And what was going through my mind at 3:00 a.m.? Well conflicting emotions honestly. Today is my birthday and I’m happy about that; I’m always happy about my birthday. On the downside, there could be the possibility of the union I’m part of calling a strike today which would start on Monday. And for a couple of moments I wondered what it might look like calling in sick on the day of one’s birthday when a strike might be called too. Especially when I’ve had an Exceptional Attendance award year after year and can’t even remember the last year I took time off for illness.

And just to show I need a life outside of the work I love so much, within a couple of minutes of these thoughts, I imagined some future boss or interviewer sitting quietly in the room being able to see all the thoughts running through my brain. “Will he take a day off or fight it and show up for work?”

It was a fitful, restless 3 hours until finally at 6:00 a.m. I got up. The headache was gone, and looking briefly outside I could see the rain had come, the pressure had broken and the stomach was settled. What was with that anyhow?

After a shower, (showers always help me – it’s like any negativity gets washed down the drain with the water) I was shaving when I heard for the first time that Mitchell family tradition playing on the stereo. “Birthday” by the Beatles was playing loud and clear and surprise, surprise, my wife was up early making pancakes just for me. Ah to be loved.

But I wonder about that silent future boss or interviewer sitting in my bedroom who I had somehow conjured up in the wee hours of the morn. If I was ever in an interview and the interviewer asked me to share an example of my dependability, would this be an example? “Sure thing”, I’d start off, “Remember that June 13th morning back in 2014? You know, you were there. I spend most of the night awake, headache, felt ill, concerned about a strike at work, how it might look if I stayed home and would I really be believed or not, but then I got my act together and there really was no question about my going in to work. Remember?”

I don’t know if I could ever really pull off that answer. I mean, sitting with an interviewer I’m meeting for the first time, they might just think it extraordinarily creepy that I lay prone in bed thinking of future interviewers sitting watching me as I sleep. More than likely the next thing out of their mouth would be, “Well thanks for coming in Kelly. We’ll be in touch.”

So how do I feel now sitting here at 7:50 a.m.? Great. Really good. It was a nice drive into work and I brought along a favourite CD I mine to listen to on the way forgoing much of the news that normally accompanies me on my drive. And when I first got to work, I noticed right off the ‘Happy Birthday’ banner over my door, the balloons on my desk and appreciate the efforts of our committee who does these little things.

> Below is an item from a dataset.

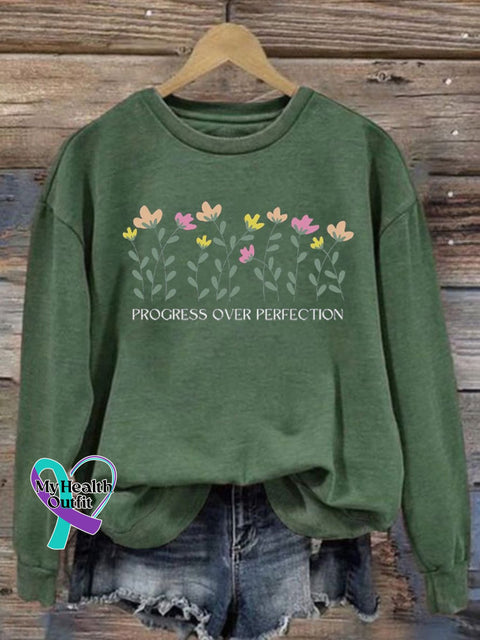 Women’s Progress Over Perfection Printed Sweatshirt Green / S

And then there was a surprise email from someone who remembered my birthday that I’ve known for several years but didn’t expect to even remember. What a nice surprise that was! Thanks Rochelle.

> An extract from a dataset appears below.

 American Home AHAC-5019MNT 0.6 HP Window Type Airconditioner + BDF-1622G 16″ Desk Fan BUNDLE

Of course, over than a blog about me and my start to the day on my birthday, I’ve woven a learning opportunity in here for anyone who is currently employed or seeking to be. It’s a good idea to make the effort to pull yourself together and be dependable. Often, like today, you’ll find that getting up, relieving yourself, showering and having a bite is enough to get you going and you’re well on your way. Sure sometimes you’re too ill to go in, I know that too.

Thing is…from an employer’s point of view, there’s work that needs doing and you’re relied on to get in and do it. The more reliable you are, the more people can attest to your dependability. And right here is where it just kicked me between the eyes. I don’t need to tell some future interviewer I imagined her or him sitting at my beside some fitful night in the past – no! I can just provide the name and phone number of my immediate boss of the present, who can and will state how reliable I am.

You see that’s the thing, you’re present job is in some ways, a very long testimony about how you may be right or wrong for a future job!